Уильям Стэффорд утверждает примерно то же самое: «“Разговорные тетради” Бетховена являются одним из нескольких современных источников распространения слухов. Карл ван Бетховен: “Сальери утверждает, что отравил Моцарта”. Антон Шиндлер: “Сальери снова очень плохо. Он стал совсем невменяемым. В своем бреду он заявляет, что виновен в смерти Моцарта и дал ему яд”»{265}.
Итак, Антон Шиндлер. Вроде бы достойное свидетельство, ведь он был дружен с Бетховеном и даже работал его «тайным секретарем без оклада». Именно Шиндлер написал первую фундаментальную биографию Бетховена, в которой постоянно ссылается на свои беседы с композитором, зафиксированные в знаменитых «Разговорных тетрадях». Однако на Международном Бетховенском конгрессе, состоявшемся в 1977 году в Берлине, было доказано, что значительная часть этих «бесед» вписана Шиндлером в «Разговорные тетради» уже после смерти Бетховена с целью повысить свой авторитет. А это значит, что полного доверия Шиндлеру быть не может. Тем более в таких деликатных вопросах, как «признание» Сальери.

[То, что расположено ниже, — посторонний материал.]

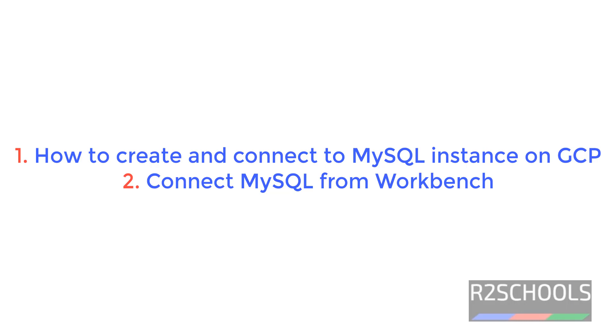Hello guys, in this video we will see how to create a MySQL instance on GCP or Google Cloud, then we will see how to connect to the MySQL instance which is created on GCP from MySQL Workbench.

Еще по одной версии, запись о том, что Сальери перерезал себе горло, была сделана в ноябре 1823 года не Шиндлером, а публицистом Иоганном Шиклем[52]. Якобы он сообщал Бетховену: «Можно поставить сто против одного, что признания Сальери соответствуют действительности! То, как умирал Моцарт, подтверждает эти признания»{266}.
Дэвид Вейс описывает эту весьма туманную историю следующим образом: «Друг Бетховена Иоганн Шикль сообщил глухому композитору последние новости, написав в его разговорной тетради: “В конце концов, Сальери сознался в том, что отравил Моцарта. В припадке раскаяния он пытался перерезать себе горло, но пока еще жив”. Бетховен написал в ответ: “Я по-прежнему не отказываюсь именовать себя учеником Сальери”. Иоганн Шикль ответил в разговорной тетради: “Пусть так, но могу побиться об заклад, что Сальери сказал правду. Почти все в Вене со мной согласны. Обстоятельства смерти Моцарта служат подтверждением признания Сальери”.
Бетховен сердито ответил: “Пустая болтовня! Сальери я обязан больше, чем кому бы то ни было”.
Иоганн Шикль продолжал: “Больше чем Моцарту?”
Бетховен ответил: “Когда я в нем нуждался, Моцарта уже не было в живых”»{267}.
А вот слова Пьера Франсуа Пеша:
«Бетховен стал глухим, и восемь последних лет его жизни его разговоры велись письменно при помощи тетрадей, которыми легко было обмениваться. В ноябре 1823 года публицист Й. Шикль написал Бетховену в тетради № 95: “Можно ставить сто против одного, что, исходя из обстоятельств смерти Моцарта, признания Сальери соответствуют действительности”. Карл, племянник Бетховена, отметил в тетради № 125: “Сальери объявил, что он отравил Моцарта”, а 7 мая 1825 года, в день, когда Сальери избавился от страданий, он добавил: “Теперь с упорством говорят, что Сальери является убийцей Моцарта”. В тетради Шиндлер написал 25 января 1824 года: “Сальери снова очень плохо. Он не прекращает говорить, что виновен в смерти Моцарта. Это правда, он хочет ее сказать в своей исповеди. Всё получает свое наказание”. 23 мая 1824 года граф Дитрихштейн, друг Сальери, приказал допросить поэта Калисто Басси, который распространял поэму, обвинявшую Сальери в убийстве Моцарта»{268}.